▶ [Task goal]
Set down only these lines, exactly: the line containing "14 Winslow Court, Oxenford QLD 4210" and all lines through the end of the data below. Omit pictures.
Raw data: Begin
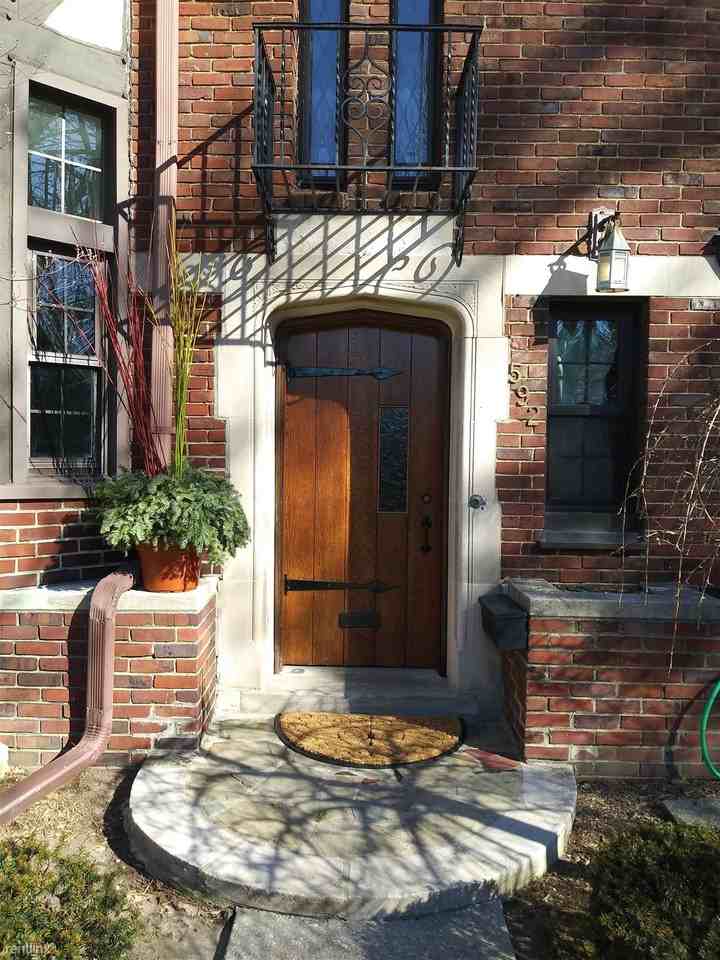 592 Cadieux Rd - Photo 2 of 46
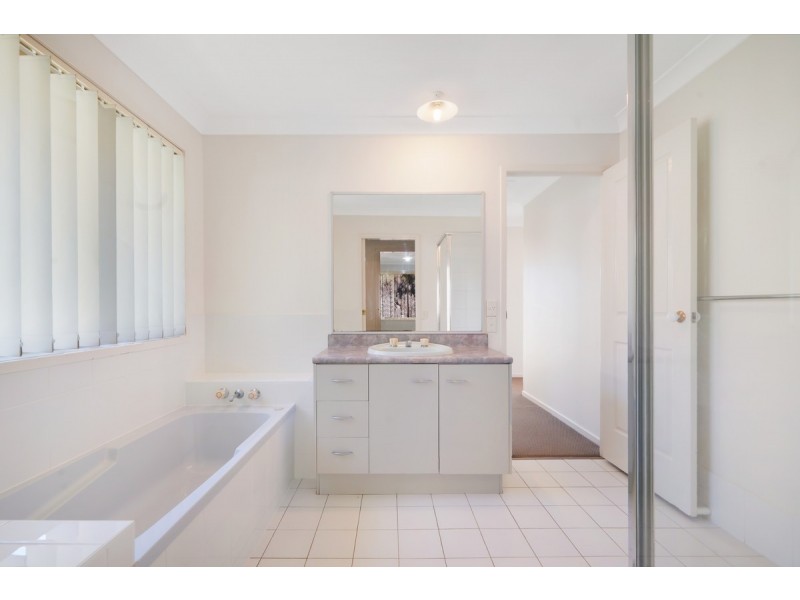 14 Winslow Court, Oxenford QLD 4210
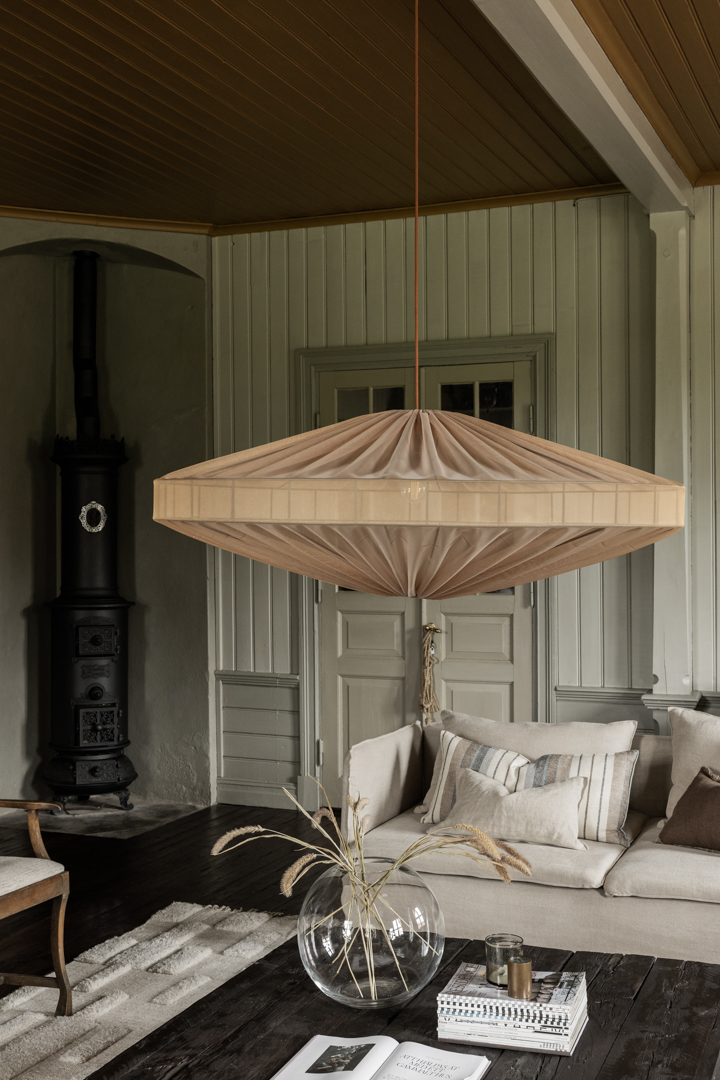 Alba skärm exkl. upphäng Ø115 Orange taklampa från Alde & Lind - Med det semitransparenta tyget i en korall/ljus orange f&auml;rg f&aring;r lampsk&auml;rmen Alba ett sofistikerat och elegant uttryck.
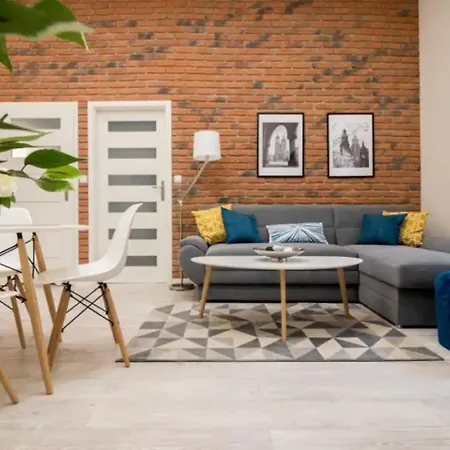 Golden Hour Stay-1Br For 4-Near Train Station *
Raw data: End
▶ [Problem solution]
 14 Winslow Court, Oxenford QLD 4210
 Alba skärm exkl. upphäng Ø115 Orange taklampa från Alde & Lind - Med det semitransparenta tyget i en korall/ljus orange f&auml;rg f&aring;r lampsk&auml;rmen Alba ett sofistikerat och elegant uttryck.
 Golden Hour Stay-1Br For 4-Near Train Station *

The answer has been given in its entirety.